A misconversion of hugetlb_vmtruncate_list to prio_tree may allow
local users to trigger a BUG_ON() call in exit_mmap.
- CVE-2007-4308
Alan Cox reported an issue in the aacraid driver that allows unprivileged
local users to make ioctl calls which should be restricted to admin
privileges.
- CVE-2007-4573
Wojciech Purczynski discovered a vulnerability that can be exploited
by a local user to obtain superuser privileges on x86_64 systems.
This resulted from improper clearing of the high bits of registers
during ia32 system call emulation. This vulnerability is relevant
to the Debian amd64 port as well as users of the i386 port who run
the amd64 linux-image flavour.
- CVE-2007-5093
Alex Smith discovered an issue with the pwc driver for certain webcam
devices. If the device is removed while a userspace application has it
open, the driver will wait for userspace to close the device, resulting
in a blocked USB subsystem.

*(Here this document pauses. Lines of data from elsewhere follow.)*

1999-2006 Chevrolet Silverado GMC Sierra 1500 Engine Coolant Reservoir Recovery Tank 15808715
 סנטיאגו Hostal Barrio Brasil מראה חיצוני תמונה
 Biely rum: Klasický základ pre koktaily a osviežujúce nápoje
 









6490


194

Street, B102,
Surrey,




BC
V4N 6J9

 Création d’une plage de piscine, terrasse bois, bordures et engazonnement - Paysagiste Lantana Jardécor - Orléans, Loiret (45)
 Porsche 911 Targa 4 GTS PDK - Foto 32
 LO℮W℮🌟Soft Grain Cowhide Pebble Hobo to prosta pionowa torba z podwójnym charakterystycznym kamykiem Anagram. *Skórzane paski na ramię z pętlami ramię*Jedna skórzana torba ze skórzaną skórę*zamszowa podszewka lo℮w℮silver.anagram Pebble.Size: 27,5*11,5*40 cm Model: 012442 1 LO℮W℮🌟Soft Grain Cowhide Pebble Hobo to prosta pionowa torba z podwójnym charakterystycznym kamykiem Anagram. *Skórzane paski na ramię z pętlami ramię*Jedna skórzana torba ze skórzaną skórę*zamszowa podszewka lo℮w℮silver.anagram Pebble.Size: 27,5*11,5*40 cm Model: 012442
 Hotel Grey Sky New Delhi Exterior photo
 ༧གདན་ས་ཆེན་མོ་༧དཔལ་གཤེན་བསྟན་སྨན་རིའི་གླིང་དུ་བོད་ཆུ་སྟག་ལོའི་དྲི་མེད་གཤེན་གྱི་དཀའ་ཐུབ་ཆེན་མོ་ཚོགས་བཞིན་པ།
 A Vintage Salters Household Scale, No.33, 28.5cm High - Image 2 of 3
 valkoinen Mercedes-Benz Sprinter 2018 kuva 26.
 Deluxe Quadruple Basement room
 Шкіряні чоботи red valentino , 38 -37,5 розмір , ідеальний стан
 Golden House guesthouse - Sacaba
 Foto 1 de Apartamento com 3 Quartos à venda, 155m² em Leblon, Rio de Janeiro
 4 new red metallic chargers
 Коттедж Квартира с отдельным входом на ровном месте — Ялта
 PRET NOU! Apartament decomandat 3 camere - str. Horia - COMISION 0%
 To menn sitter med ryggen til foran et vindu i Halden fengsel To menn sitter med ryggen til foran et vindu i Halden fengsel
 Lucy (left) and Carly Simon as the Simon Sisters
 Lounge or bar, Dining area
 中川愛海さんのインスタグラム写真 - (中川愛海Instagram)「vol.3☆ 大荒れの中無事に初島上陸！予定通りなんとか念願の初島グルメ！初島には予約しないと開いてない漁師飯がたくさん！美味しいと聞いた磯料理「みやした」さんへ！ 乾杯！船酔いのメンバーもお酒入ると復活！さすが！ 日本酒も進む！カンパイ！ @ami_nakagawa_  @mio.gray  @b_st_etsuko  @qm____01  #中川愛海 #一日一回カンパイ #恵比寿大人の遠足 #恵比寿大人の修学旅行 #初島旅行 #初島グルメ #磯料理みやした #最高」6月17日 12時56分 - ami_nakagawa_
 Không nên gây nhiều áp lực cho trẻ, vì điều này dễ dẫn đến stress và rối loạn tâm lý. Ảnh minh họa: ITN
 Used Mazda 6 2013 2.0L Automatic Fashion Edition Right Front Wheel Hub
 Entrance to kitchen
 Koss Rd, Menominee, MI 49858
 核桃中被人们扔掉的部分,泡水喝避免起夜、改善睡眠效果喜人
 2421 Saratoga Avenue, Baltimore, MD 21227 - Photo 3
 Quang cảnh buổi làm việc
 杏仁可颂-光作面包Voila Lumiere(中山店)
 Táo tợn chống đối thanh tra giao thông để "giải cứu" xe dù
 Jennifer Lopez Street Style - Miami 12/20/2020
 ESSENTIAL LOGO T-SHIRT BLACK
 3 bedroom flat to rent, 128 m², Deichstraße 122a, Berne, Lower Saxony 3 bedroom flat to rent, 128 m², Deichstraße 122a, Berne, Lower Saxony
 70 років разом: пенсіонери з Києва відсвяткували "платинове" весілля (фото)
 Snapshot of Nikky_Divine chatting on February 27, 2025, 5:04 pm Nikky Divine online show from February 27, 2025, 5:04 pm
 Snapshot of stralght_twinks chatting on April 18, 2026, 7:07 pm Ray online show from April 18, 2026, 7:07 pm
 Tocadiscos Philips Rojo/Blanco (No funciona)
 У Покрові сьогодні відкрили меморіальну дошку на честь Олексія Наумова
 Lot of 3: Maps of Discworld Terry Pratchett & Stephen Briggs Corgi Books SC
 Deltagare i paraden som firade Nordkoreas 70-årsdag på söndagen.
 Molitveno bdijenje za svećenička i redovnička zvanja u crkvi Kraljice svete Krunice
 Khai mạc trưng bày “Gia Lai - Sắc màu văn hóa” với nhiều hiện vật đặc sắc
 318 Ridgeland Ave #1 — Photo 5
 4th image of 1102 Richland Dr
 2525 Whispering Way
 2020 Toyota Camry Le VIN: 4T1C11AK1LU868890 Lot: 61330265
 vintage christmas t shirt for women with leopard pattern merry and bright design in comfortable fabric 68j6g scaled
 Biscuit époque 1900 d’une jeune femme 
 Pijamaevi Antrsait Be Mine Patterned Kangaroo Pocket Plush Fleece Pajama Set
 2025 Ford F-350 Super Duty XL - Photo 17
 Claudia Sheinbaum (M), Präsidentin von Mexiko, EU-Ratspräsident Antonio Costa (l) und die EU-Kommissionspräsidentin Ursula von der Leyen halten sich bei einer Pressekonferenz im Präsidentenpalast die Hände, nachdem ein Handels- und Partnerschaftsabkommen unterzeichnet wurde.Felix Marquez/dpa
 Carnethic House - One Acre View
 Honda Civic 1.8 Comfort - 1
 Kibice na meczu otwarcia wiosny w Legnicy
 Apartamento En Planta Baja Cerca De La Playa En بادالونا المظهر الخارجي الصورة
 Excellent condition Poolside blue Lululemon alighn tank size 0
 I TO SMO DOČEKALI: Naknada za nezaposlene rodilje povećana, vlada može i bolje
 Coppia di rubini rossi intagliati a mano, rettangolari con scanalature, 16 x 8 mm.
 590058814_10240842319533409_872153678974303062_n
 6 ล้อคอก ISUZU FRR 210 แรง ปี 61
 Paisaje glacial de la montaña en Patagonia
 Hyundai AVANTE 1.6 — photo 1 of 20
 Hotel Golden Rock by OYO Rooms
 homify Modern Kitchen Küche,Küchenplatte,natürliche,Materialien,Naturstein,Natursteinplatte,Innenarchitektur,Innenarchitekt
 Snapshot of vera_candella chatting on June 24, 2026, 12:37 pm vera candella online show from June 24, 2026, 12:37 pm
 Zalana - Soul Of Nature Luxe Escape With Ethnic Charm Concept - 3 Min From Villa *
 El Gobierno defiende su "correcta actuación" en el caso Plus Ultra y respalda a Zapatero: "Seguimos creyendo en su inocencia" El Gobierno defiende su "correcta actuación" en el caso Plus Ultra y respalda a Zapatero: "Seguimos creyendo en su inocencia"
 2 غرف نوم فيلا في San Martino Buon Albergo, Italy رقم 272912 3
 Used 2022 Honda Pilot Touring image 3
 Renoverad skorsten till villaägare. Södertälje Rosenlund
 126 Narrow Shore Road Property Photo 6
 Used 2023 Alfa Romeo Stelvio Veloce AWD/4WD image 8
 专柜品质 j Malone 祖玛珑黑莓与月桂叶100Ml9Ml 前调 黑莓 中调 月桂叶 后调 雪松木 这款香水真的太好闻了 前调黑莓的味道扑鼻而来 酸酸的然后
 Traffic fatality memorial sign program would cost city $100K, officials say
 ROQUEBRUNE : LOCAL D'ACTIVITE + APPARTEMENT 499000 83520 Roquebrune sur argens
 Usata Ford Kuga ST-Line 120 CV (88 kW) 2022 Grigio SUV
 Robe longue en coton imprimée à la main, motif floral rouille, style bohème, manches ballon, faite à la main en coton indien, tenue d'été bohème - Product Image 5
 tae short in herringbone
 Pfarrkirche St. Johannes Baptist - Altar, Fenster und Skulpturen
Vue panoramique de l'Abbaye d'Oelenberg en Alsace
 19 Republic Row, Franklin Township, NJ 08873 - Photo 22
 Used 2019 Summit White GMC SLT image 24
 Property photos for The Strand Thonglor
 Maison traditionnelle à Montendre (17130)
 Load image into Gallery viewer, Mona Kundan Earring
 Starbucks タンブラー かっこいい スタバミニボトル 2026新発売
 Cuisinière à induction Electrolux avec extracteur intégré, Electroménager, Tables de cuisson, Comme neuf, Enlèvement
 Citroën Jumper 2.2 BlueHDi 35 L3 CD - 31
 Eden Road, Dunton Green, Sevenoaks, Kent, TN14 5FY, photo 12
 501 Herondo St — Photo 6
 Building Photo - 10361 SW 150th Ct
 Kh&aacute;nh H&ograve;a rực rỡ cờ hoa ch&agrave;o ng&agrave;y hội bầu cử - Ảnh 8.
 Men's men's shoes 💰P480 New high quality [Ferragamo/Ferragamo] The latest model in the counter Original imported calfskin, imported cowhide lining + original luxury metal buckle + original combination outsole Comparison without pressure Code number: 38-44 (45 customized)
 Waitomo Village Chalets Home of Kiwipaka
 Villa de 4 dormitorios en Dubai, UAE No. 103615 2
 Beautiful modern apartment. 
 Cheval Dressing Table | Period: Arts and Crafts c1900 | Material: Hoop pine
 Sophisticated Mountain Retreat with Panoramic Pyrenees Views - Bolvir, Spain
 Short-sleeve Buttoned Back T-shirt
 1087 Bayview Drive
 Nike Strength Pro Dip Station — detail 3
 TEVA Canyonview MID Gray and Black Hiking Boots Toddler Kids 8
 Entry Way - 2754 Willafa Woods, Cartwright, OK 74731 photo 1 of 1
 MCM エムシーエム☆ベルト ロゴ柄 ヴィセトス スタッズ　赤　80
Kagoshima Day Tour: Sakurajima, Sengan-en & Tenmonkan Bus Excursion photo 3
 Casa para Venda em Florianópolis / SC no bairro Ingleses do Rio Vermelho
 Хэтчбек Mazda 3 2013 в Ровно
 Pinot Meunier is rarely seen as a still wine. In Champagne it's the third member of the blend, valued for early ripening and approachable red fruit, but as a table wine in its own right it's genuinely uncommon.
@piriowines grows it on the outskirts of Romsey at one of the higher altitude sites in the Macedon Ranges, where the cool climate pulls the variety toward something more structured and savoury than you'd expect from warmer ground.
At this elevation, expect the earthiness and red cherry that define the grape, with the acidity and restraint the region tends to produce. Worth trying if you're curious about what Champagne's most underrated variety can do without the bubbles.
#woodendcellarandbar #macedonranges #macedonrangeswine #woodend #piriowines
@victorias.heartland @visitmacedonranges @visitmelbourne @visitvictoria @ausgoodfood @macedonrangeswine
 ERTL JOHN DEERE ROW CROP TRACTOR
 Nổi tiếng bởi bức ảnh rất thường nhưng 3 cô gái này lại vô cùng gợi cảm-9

This issue is of low security impact as
it requires the attacker to either have physical access to the system
or to convince a user with local access to remove the device on their
behalf.
- CVE-2007-6063
Venustech AD-LAB discovered a a buffer overflow in the isdn ioctl
handling, exploitable by a local user.
- CVE-2007-6151
ADLAB discovered a possible memory overrun in the ISDN subsystem that
may permit a local user to overwrite kernel memory by issuing
ioctls with unterminated data.
- CVE-2007-6206
Blake Frantz discovered that when a core file owned by a non-root user
exists, and a root-owned process dumps core over it, the core file
retains its original ownership. This could be used by a local user to
gain access to sensitive information.
- CVE-2007-6694
Cyrill Gorcunov reported a NULL pointer dereference in code specific
to the CHRP PowerPC platforms. Local users could exploit this issue
to achieve a Denial of Service (DoS).
- CVE-2008-0007
Nick Piggin of SuSE discovered a number of issues in subsystems which
register a fault handler for memory mapped areas. This issue can be
exploited by local users to achieve a Denial of Service (DoS) and possibly
execute arbitrary code.
The following matrix lists additional packages that were rebuilt for
compatibility with or to take advantage of this update:
|
Debian 3.1 (sarge) |
kernel-image-2.6.8-alpha |
2.6.8-17sarge1 |
kernel-image-2.6.8-amd64 |
2.6.8-17sarge1 |
kernel-image-2.6.8-hppa |
2.6.8-7sarge1 |
kernel-image-2.6.8-i386 |
2.6.8-17sarge1 |
kernel-image-2.6.8-ia64 |
2.6.8-15sarge1 |
kernel-image-2.6.8-m68k |
2.6.8-5sarge1 |
kernel-image-2.6.8-s390 |
2.6.8-6sarge1 |
kernel-image-2.6.8-sparc |
2.6.8-16sarge1 |
kernel-patch-powerpc-2.6.8 |
2.6.8-13sarge1 |
fai-kernels |
1.9.1sarge8 |
We recommend that you upgrade your kernel package immediately and reboot
the machine. If you have built a custom kernel from the kernel source
package, you will need to rebuild to take advantage of these fixes.